Bombs were not the only thing salvaged by the Viet Cong.  Any tanks that were destroyed got picked clean, as you can see from the photo above.  One of the most important assets gained from tanks was rubber.  This rubber went to making shoes for the resistance fighters.

Pictured here are several tank-rubber shoes in varying sizes.  These are the normal, every day shoes, but when there was mud on the ground, they would switch their shoes to a type that was created to leave backward footprints in the mud.  This way, the Viet Cong could leave false trails throughout the jungle, often leading American soldiers into traps.

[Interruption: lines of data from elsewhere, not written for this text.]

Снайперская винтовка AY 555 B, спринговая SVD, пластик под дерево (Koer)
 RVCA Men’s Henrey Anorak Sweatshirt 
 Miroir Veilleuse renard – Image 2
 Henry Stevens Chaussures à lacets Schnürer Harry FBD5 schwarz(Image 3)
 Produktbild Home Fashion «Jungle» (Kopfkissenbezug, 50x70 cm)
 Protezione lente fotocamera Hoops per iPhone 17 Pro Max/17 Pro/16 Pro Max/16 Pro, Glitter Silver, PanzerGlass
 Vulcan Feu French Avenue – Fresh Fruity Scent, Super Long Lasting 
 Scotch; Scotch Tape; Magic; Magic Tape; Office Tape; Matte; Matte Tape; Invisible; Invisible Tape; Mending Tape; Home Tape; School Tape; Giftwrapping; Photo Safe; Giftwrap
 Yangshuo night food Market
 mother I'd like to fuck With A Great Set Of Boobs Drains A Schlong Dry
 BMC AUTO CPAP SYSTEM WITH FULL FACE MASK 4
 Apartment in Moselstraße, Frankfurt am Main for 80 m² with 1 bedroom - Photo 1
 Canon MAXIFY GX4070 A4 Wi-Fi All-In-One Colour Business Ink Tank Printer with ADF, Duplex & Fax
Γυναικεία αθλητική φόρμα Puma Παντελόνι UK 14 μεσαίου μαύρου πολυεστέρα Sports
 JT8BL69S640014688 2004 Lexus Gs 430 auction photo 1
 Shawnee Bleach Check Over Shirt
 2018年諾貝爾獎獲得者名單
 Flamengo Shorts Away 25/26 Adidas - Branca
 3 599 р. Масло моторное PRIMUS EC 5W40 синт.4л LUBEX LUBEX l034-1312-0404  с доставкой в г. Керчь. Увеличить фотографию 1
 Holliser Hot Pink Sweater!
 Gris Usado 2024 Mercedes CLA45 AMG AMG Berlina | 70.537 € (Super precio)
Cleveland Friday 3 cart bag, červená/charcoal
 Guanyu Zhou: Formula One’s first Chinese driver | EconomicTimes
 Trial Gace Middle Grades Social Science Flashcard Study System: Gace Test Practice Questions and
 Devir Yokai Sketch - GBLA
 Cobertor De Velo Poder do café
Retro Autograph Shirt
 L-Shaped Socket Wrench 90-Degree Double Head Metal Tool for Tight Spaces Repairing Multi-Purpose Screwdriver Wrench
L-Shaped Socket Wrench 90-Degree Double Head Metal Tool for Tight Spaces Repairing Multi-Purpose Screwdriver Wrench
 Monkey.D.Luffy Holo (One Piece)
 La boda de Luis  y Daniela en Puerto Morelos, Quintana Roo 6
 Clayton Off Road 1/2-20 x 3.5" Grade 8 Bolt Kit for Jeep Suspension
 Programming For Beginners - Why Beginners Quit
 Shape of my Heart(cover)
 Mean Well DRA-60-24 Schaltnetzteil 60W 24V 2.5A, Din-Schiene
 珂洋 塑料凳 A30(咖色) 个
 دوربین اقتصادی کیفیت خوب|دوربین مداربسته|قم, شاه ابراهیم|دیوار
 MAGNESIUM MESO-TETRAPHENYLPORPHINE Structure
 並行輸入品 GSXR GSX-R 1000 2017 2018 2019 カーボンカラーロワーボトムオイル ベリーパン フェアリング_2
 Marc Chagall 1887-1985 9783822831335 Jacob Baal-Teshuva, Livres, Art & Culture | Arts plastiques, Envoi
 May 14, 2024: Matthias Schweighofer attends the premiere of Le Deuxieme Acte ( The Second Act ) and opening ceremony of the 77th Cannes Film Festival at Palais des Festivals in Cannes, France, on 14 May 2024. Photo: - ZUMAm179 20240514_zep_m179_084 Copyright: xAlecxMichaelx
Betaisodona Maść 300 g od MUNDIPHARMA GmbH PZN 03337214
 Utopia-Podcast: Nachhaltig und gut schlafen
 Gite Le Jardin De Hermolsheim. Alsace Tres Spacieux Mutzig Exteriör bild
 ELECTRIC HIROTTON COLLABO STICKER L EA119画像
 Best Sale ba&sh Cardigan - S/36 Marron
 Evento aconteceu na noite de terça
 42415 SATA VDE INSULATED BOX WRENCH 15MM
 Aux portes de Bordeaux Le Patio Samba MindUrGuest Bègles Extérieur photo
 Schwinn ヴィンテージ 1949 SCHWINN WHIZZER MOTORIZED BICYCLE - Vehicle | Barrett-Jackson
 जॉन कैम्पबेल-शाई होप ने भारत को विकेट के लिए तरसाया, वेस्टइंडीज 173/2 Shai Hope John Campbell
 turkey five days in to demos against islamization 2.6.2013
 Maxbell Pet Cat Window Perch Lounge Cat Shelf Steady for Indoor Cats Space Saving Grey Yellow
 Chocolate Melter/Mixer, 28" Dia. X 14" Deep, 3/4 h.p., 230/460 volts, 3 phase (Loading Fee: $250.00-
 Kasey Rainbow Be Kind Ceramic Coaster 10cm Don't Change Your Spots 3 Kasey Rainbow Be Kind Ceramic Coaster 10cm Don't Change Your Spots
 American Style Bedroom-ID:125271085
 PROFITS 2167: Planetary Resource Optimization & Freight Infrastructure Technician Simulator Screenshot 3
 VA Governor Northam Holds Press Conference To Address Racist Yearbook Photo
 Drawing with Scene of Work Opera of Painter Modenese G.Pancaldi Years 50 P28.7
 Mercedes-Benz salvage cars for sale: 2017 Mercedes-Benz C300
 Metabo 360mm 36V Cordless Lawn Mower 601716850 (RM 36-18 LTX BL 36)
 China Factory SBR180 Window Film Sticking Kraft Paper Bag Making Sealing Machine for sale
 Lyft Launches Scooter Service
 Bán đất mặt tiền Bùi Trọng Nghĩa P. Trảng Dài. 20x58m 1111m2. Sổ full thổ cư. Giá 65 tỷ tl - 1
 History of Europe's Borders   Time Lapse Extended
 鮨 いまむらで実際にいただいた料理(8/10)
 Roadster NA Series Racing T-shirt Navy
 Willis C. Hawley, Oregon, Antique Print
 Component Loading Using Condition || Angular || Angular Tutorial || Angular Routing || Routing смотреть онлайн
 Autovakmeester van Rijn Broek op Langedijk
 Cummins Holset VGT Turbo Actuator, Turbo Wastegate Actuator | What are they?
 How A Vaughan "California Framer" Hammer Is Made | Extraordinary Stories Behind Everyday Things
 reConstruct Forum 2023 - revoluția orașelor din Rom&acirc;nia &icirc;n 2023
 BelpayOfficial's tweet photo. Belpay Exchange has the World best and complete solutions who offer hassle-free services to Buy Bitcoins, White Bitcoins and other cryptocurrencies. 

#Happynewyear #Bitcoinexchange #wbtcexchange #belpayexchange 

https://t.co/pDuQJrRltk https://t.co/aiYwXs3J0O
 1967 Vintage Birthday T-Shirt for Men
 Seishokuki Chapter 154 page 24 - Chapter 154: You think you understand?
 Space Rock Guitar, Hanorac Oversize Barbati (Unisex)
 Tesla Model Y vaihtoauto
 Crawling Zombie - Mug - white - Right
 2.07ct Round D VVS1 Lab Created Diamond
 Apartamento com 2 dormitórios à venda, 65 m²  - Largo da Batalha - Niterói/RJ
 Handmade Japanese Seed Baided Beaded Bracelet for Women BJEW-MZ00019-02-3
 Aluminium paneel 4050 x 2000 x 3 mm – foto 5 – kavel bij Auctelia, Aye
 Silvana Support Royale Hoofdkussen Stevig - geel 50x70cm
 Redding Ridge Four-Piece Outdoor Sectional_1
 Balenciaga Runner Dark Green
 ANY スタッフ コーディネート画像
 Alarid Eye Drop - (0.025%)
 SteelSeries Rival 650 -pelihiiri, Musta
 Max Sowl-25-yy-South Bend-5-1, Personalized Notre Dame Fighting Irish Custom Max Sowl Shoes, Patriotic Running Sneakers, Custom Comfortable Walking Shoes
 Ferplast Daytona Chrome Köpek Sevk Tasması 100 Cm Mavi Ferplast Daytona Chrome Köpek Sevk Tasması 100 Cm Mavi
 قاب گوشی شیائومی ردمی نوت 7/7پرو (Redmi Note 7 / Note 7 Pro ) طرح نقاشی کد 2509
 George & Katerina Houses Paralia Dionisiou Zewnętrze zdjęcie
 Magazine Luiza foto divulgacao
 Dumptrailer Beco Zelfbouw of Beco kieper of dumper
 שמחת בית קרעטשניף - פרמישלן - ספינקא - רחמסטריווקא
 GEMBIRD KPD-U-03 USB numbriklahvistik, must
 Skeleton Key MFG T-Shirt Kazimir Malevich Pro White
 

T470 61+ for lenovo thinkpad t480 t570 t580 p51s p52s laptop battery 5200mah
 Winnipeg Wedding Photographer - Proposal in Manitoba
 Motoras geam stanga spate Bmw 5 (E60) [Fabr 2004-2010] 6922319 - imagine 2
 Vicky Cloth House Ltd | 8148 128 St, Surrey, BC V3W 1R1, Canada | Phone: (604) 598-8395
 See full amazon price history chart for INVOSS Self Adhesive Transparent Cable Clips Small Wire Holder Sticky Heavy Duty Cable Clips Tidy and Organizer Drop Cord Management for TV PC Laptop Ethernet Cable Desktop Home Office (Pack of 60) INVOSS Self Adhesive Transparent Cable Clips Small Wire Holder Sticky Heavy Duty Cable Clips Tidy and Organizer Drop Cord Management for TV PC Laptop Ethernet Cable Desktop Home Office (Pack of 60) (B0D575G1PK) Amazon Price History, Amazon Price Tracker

It's incredibly easy to want to vilify people surrounding the war.  People vilify the Americans (I've never heard the Australians get vilified, but that doesn't mean it doesn't happen.), the North Vietnamese, or those who didn't get involved.  But I'd like to propose that pointing fingers is entirely useless, and somewhat misses the true lesson that we should take from this.  I cannot clearly define a "good guy" and a "bad guy" in this war, nor can I clearly define a "winner" and a "loser", what with all the PTSD amongst American and Australian soldiers and unexploded bombs and mines across Vietnam that still regularly kill children.  The words of James Cameron came constantly to me in Cu Chi, echoing through my mind as I tried to process what I was seeing: "This is sad, very sad, only."  There is nothing that will ever happen that can justify this.  I'm sure my saying that will upset some people, and you are all entitled to your own opinion, but I beg you to think of everything that happened in Vietnam.  Research it, sear it into your mind, and use what you find to help you weigh your future decisions.